* **WORK INSTRUCTION**:
Repeat the data word for word. Do not include the pictures.

* **SOURCE DATA**:
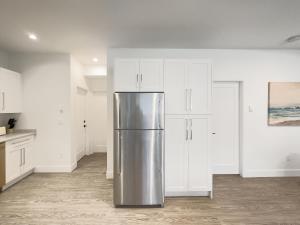 um frigorífico de aço inoxidável numa cozinha com armários brancos em New 1 bed, 1 bath king suite 3 min from beach em Surrey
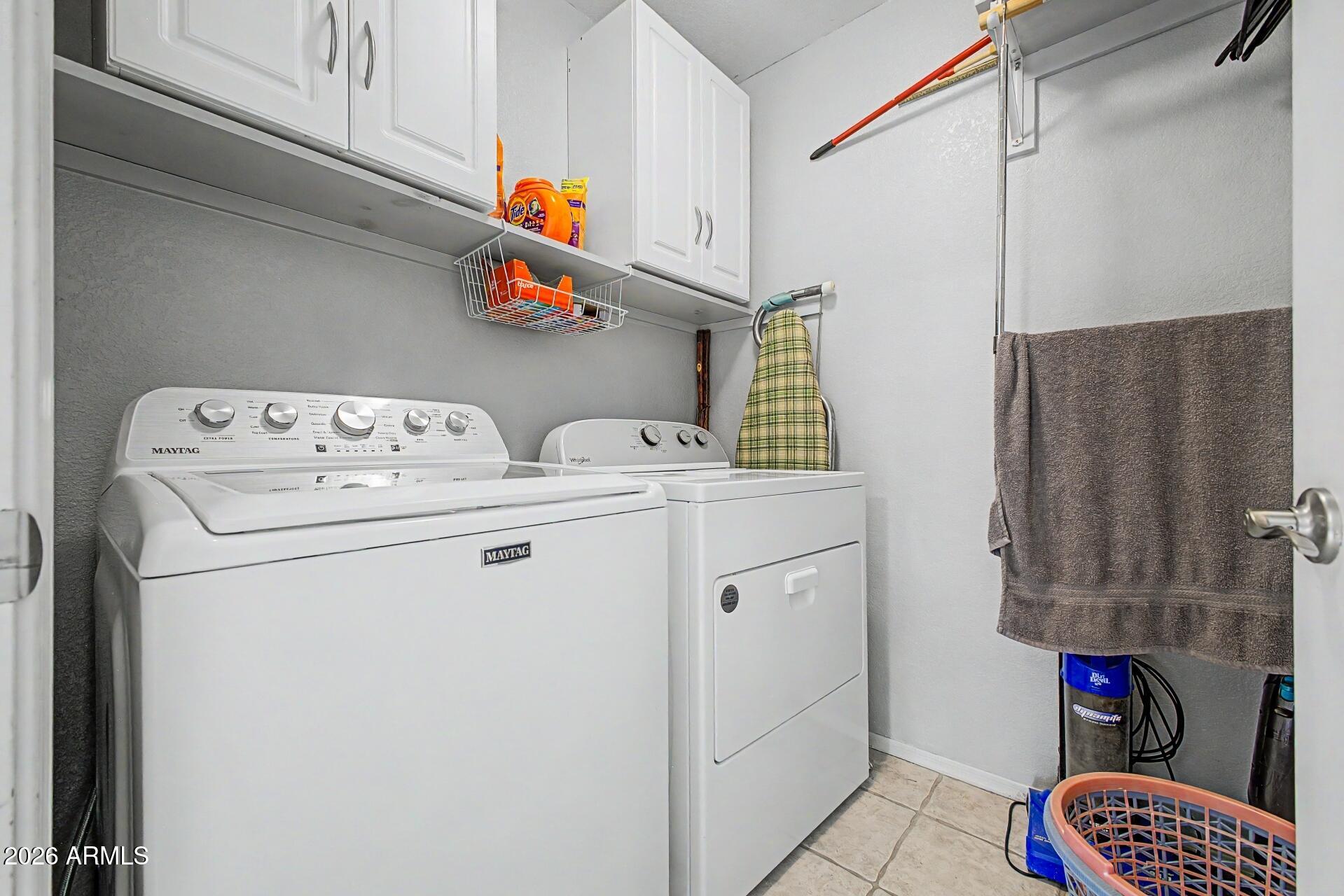 6335 East Brown Road, Unit 1144 Mesa, AZ 85205 - Photo 24 of 28 a utility room with dryer and washer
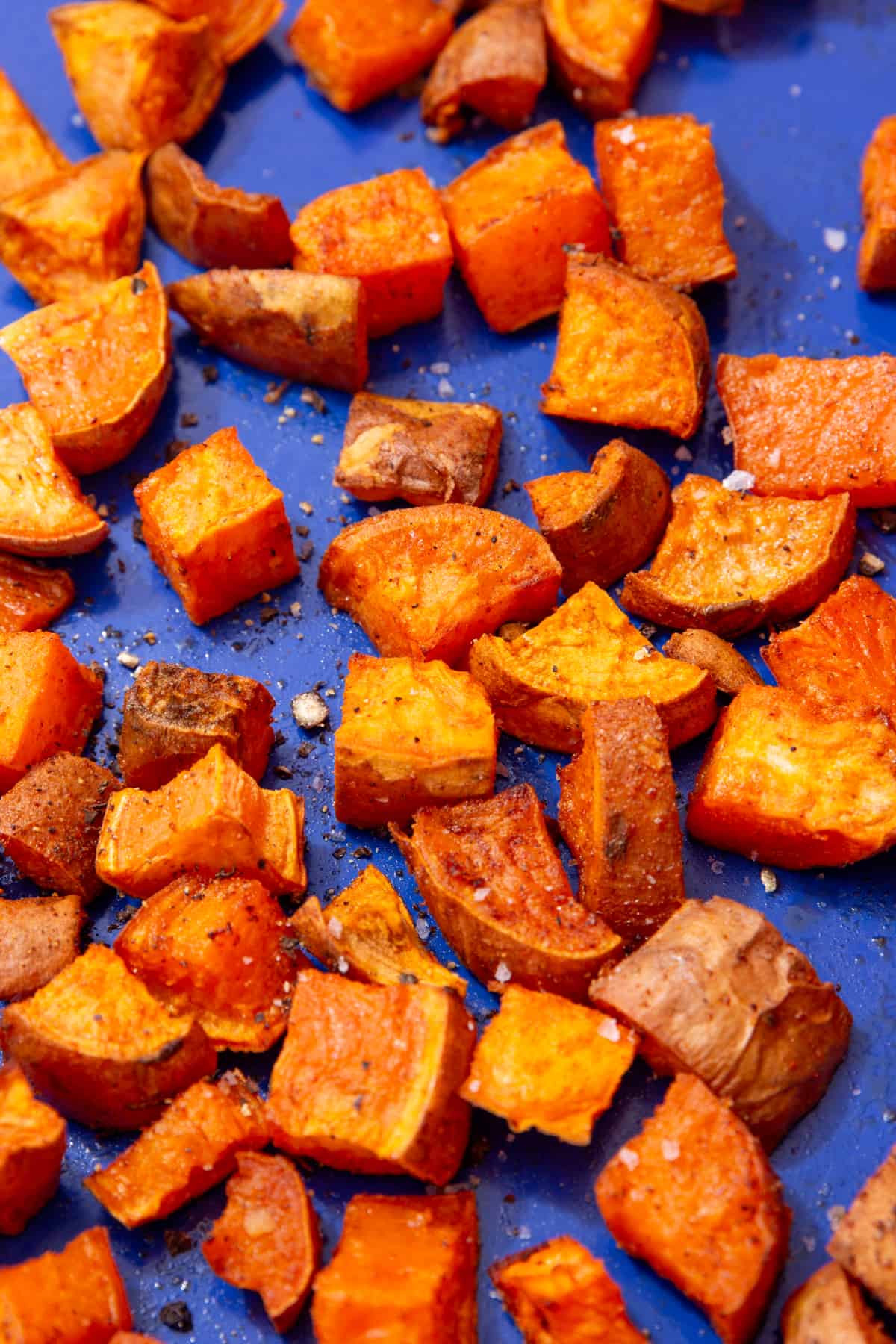 roasted sweet potato cubes spread out on a blue tray topped with some coarse salt.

* **TASK RESULT**:
 um frigorífico de aço inoxidável numa cozinha com armários brancos em New 1 bed, 1 bath king suite 3 min from beach em Surrey
 6335 East Brown Road, Unit 1144 Mesa, AZ 85205 - Photo 24 of 28 a utility room with dryer and washer
 roasted sweet potato cubes spread out on a blue tray topped with some coarse salt.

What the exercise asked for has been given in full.